We set up proper OKR’s and KPIs to prioritize everything from development to sales and marketing and every Monday we went over the same thing and checked if we’re moving in the right direction.
I even took most of the customer support to myself, so I could just get as much feedback as possible and figure out what do they actually value and how our customers think.
Every week we had the group session with other companies from Startup School program where we discussed our progress and what we have learned, it was a great opportunity to test different messages and see how others get it.
Focus = Growth
Eventually, turning our focus completely into solving the third-party component security risk helped us to re-prioritize development, simplify our messaging and ultimately made the product solve a known and simply understandable issue.
With such a drastic change in results, we knew that we are doing something right. We have the momentum and applying to YC was a logical step as the US is also our main market with over 40% of our customers being based there.
Applying to YC
After the Startup School program, we decided to send an application to Y Combinator. We also reached out to previous YC alumni and asked for tips and feedback.

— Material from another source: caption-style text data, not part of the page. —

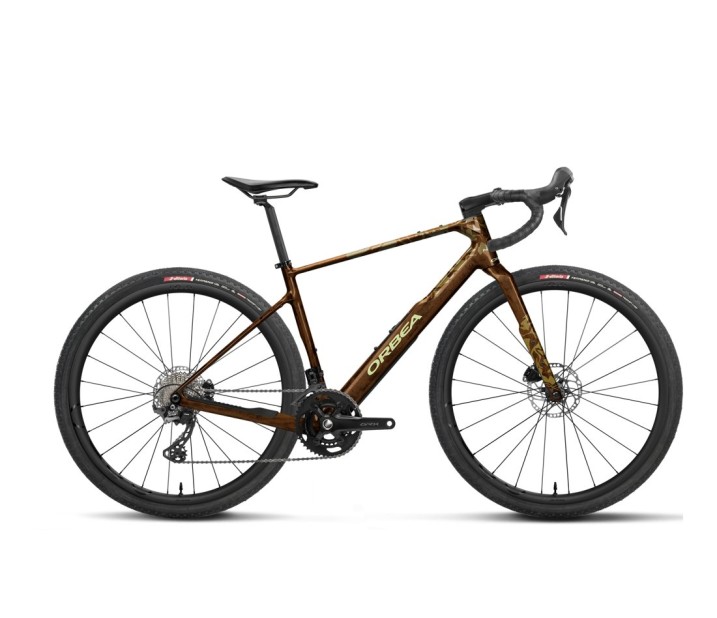Vélo gravel sport Orbea TERRA M35TEAM 2027
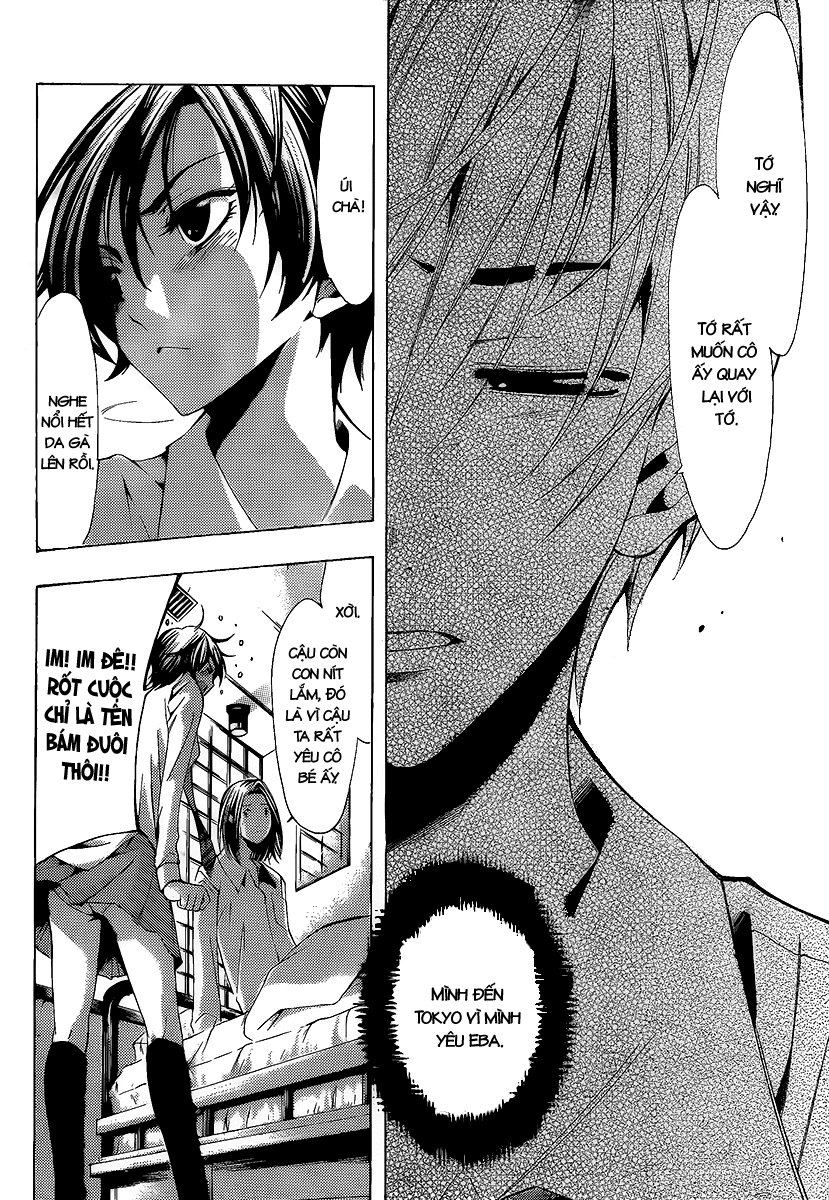 Kimi No Iru Machi Chapter 89 - Trang 2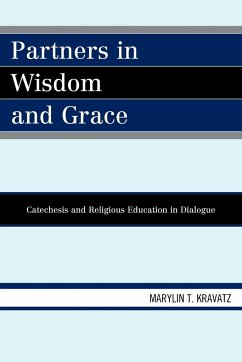 Partners in Wisdom and Grace - Kravatz, Marylin T.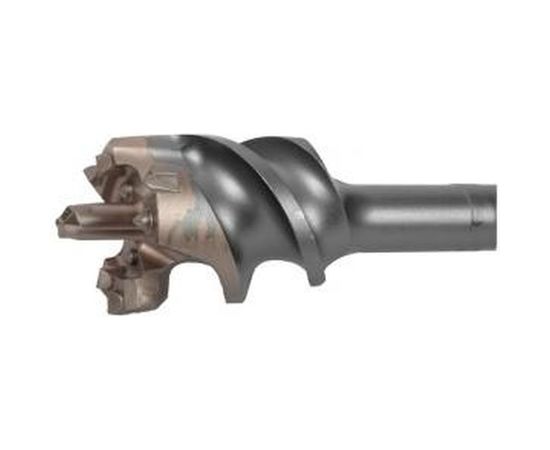 Бур проломной SDS-Max (80х550 мм) KRAFTOOL 29355-80-550 – изображение 2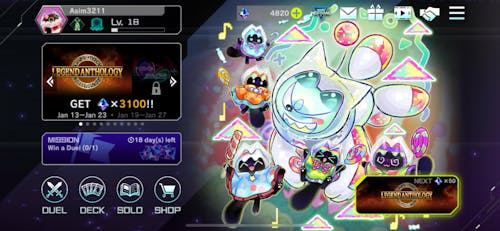 Yu-Gi-Oh! Master Duel Starter Account with UR CP [Global]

When filling the application, we really just focused on telling everything we want with as few words as possible. Just so it would be on-point and the people who read them (50,000 applications, really?) will have a quick understanding of what we do. Then we recorded our 1-minute video and hit send.
We waited for a month or so, but eventually, we got the email above. We had approx. 2 weeks to prepare for the interview. What we did mainly was just talking to alumni and really went into details about every aspect of our company.
Some suggested us to do as many mock interviews as possible, others said completely opposite and suggested us to just focus on the natural conversation.
The interview itself was for 10 minutes and it goes really fast. It’s super straight-forward and you get a wide spectrum of different questions.
What I think we learned
- One thing that was constantly stressed was to have all the founders present (with more than 10% equity). We tried to re-schedule the interview for the US (our CTO couldn't travel to EU at this time), but eventually, we had to get him with us through video. Everything worked well until we got to the meeting room and the 4G connection completely dropped, so we basically didn’t have him at the meeting.
- Everything you speak about, prepare to be able to answer 5 whys to anything that is being asked. We were asked why our revenue vs MRR is so different, we were stuck explaining this for 3 minutes (if you put into a context, it’s like 30% of the interview).
Why we didn’t get accepted
It usually takes a few days to get the decision. Our interview was on Thursday and we got the email late Friday evening. Basically, if you are being accepted, you will get a call. If you’re not accepted, you will get an email with some valuable feedback.
We were not accepted for 2 reasons:
- Traction: The whole year was flatlined and we failed to make it clear how we continue the growth trajectory. We had an impressing month to month growth when we applied, but 3 months is just not enough to show a predictable growth.
- Focus: It looks like we’re building 2 separate products. WebARX (the main security product) and Plugbounty (bug bounty platform to crowdsource vulnerability research on open-source components). Even though they work hand-in-hand, we need to explain how we will pull it off.
To be continued…
Today we protect more than 12,000 websites. Around ~3000 digital agencies and web developers use WebARX to protect their sites from the attacks against the third-party software components. 160+ white hat hackers back it up via Plugbounty.
We continue to zoom in our focus on the main issue, grow and re-apply to YC S20 batch and make WebARX “the next big thing in cyber-security you’re all going to hear about”.
After all, we are the first company to run a bug bounty platform, specific for open-source web app components and literally have a community of hackers to proactively protect websites around the world.